Extending SQL to Return a Subdatabase

Joris Nix, Jens Dittrich

Abstract

Every SQL statement is limited to return a single, possibly denormalized table. This approximately 50-year-old design decision has far-reaching consequences. The most apparent problem is the redundancy introduced through denormalization, which can result in long transfer times of query results and high memory usage for materializing intermediate results. Additionally, regardless of their goals, users are forced to fit query computations into one single result, mixing the data retrieval and transformation aspect of SQL. Moreover, both problems violate the principles and core ideas of normal forms. In this paper, we argue for eliminating the single-table limitation of SQL. We extend SQL's SELECT clause by the keyword 'RESULTDB' to support returning a result subdatabase. Our extension has clear semantics, i.e., by annotating any existing SQL statement with the RESULTDB keyword, the DBMS returns the tables participating in the query, each restricted to the relevant tuples that occur in the traditional single-table query result.
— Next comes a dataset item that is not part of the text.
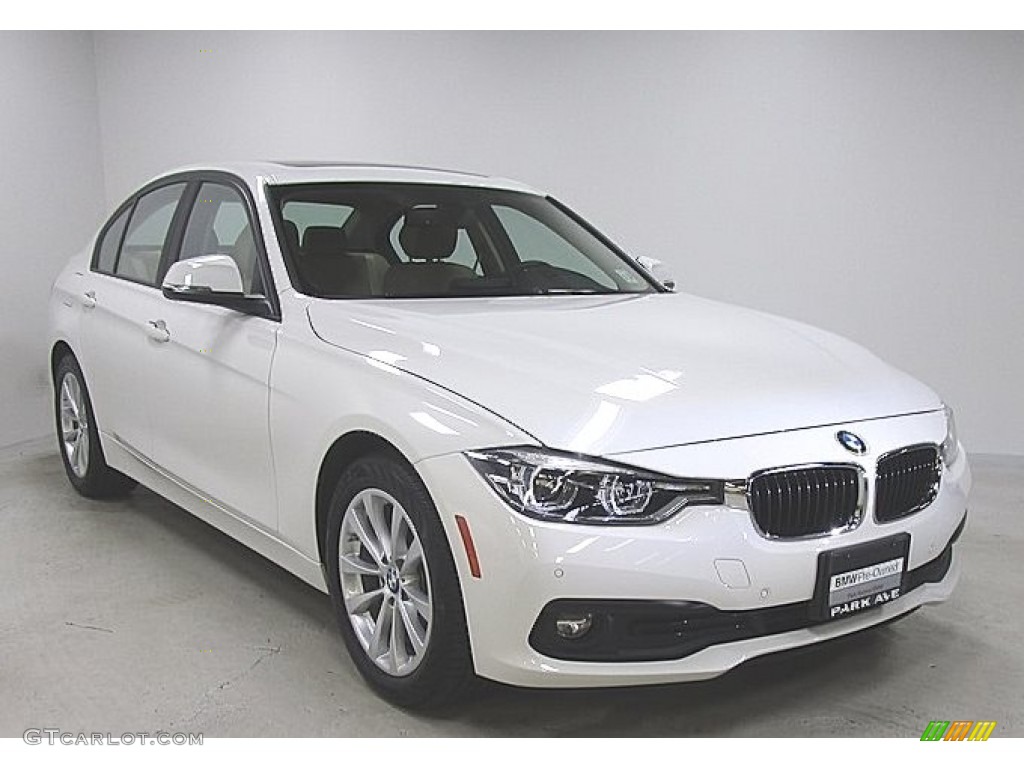 2018 3 Series 320i xDrive Sedan - Alpine White / Venetian Beige photo #7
Thus, we do not denormalize the query result in any way. Our approach has significant, far-reaching consequences, impacting the querying of hierarchical data, materialized views, and distributed databases, while maintaining backward compatibility. In addition, our proposal paves the way for a long list of exciting future research opportunities. We propose multiple algorithms to integrate our feature into both closed-source and open-source database systems. For closed-source systems, we provide several SQL-based rewrite methods. In addition, we present an efficient algorithm for cyclic and acyclic join graphs that we integrated into an open-source database system. We conduct a comprehensive experimental study. Our results show that returning multiple individual result sets can significantly decrease the result set size. Furthermore, our rewrite methods and algorithm introduce minimal overhead and can even outperform single-table execution in certain cases.